NNA clears up questions about the new Signing Professionals Workgroup standards
If you haven’t heard, the Signing Professionals Workgroup (SPW) has issued new guidelines regulating notary signing agents. They have created a new distinction, “Certified Signing Professional” that indicates a notary has fulfilled these new standards.
If you are unfamiliar with the new group, here is a blurb from their informational website describing their mission:
The Signing Professionals Workgroup (SPW) creates, maintains and promotes professional standards for Notaries Public who provide signing services in connection with the closing of a mortgage finance or real property transaction.
The SPW is an industry workgroup of the National Notary Association. SPW members include mortgage lenders, title companies, signing services, trade associations, and educators of, and background screening providers and companies offering supportive services to, signing professionals. Membership is open to companies meeting the qualifications for membership.

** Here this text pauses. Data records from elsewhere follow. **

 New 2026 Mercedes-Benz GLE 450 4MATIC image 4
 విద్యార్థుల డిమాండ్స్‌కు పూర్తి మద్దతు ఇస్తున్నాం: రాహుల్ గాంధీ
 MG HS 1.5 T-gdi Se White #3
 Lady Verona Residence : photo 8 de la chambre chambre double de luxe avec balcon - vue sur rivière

Today, the NNA released a blog post answering many of the questions notaries have come to them with regarding the new qualification changes. We’ve copied the blog below:
Overview Of The Certified Signing Specialist Code of Conduct
By: Bill Anderson, Vice President of Legislative Affairs of the National Notary Association
Many occupations publish a code of conduct to promote professional behaviors among its practitioners. Recently, the Signing Professionals Workgroup released its Certified Signing Specialist Code of Conduct. This article will discuss why the Code of Conduct was drafted, what it covers and how signing professionals will benefit by following it.
Why A Code?
The Signing Professionals Workgroup published the Code of Conduct for several reasons.

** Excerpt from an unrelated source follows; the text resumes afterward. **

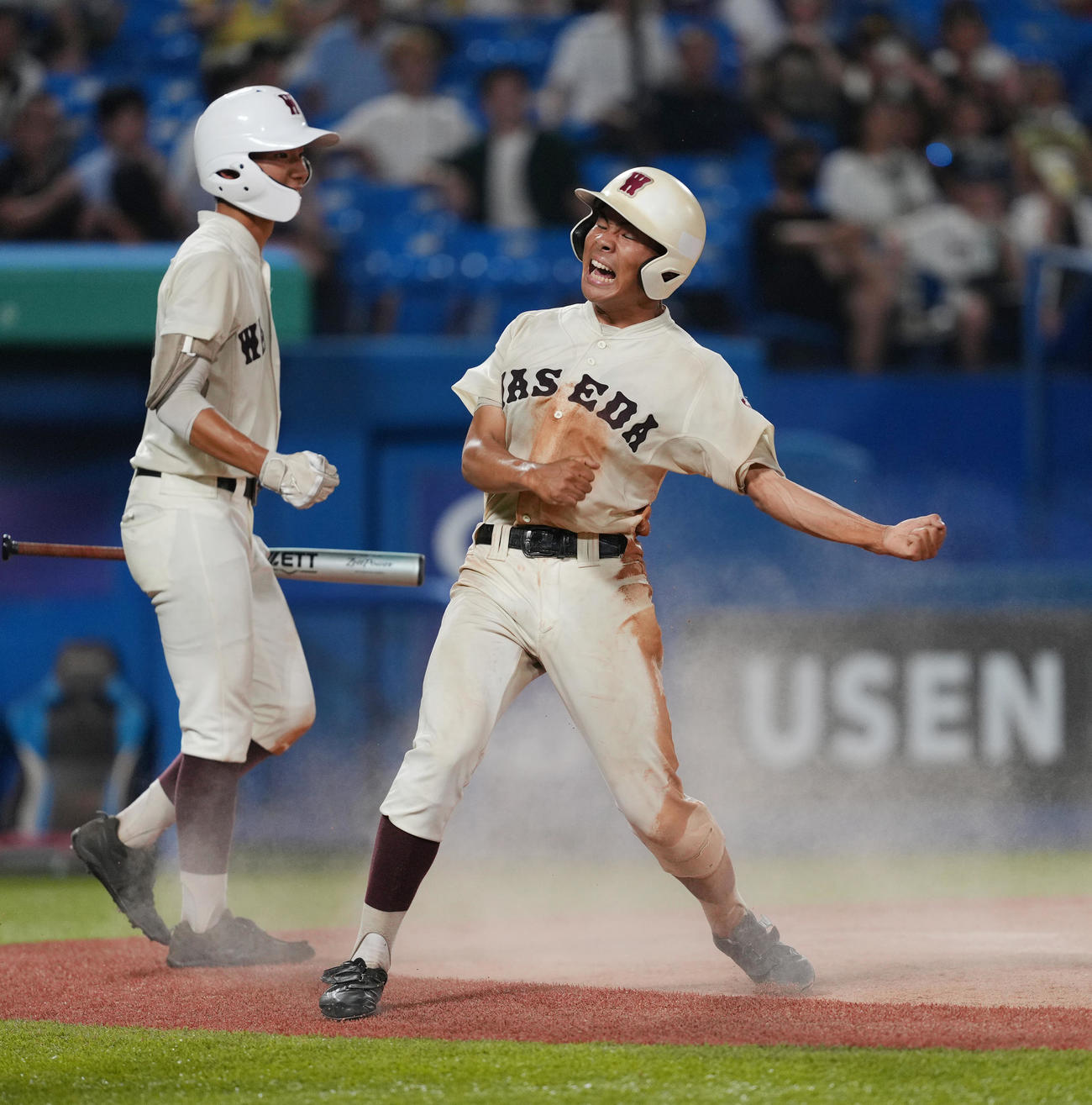 早大学院対創価　5回表早大学院1死1死二、三塁、池田の2点適時打で二塁から生還し、ガッツポーズを見せる野田（撮影・菅敏）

First, it is designed to help the SPW’s mortgage lender members oversee and supervise their business relationships with Notaries in a manner that ensures compliance with federal consumer financial protection laws.
Second, because signing professionals represent lenders before borrowers, the Codewas drafted to help improve the customer experience at the signing table.
Finally, the Code, along with the Signing Professionals Workgroup Signing Script, forms the basis for questions that will comprise the annual Certified Signing Specialist Examination currently under development.
What’s In The Code?
The Code covers the responsibilities signing professionals must fulfill in the context of a signing services assignment, from the qualifications to be a Certified Signing Specialist and to the shipment of the signed loan documents to the lender or closing agent at the end of the assignment.
The Code is divided into 10 sections or “Guiding Principles.” These Principles outline the essential duties of the Certified Signing Specialist in broad strokes. They include protecting confidential customer information, reporting illegal and suspicious activities, demonstrating professionalism with borrowers and contracting companies, charging and collecting fees for services, advertising and remaining impartial in conducting an assignment, among others. Since signing professionals also notarize documents at a loan signing, Guiding Principle Two prescribes that Certified Signing Specialists will follow all laws, rules and best practices that apply to the notarizing of closing documents.
The 103 Standards of Practice more concretely specify the duties of the Certified Signing Specialist. There are as few as four and as many as 18 Standards of Practice organized under each Guiding Principle.
What’s In It For Signing Professionals?
It is common for companies providing assignments for signing services to have their own codes of conduct. Since signing professionals work for many different companies, it can be unnecessarily burdensome to remember Company X’s code for an appointment at one hour of the day and Company Y’s for another immediately following. The Certified Signing Specialist Code of Conduct was published with the goal of being used by all companies hiring signing professionals. This will make it easier for signing professionals to meet the expectations of all their lender and contracting company clients.
In addition, the Code may be cited as the basis for why a signing professional chose to act a certain way if there is an issue. For example, if a borrower complains to the lender about the professional showing up late, the professional can respond by saying that he or she called the borrower 30 minutes prior to the appointment to inform the borrower that traffic would prevent her from arriving on time as Standard 9.13 requires. Used in this way, the Code can be used to demonstrate and justify a signing professional’s professional conduct.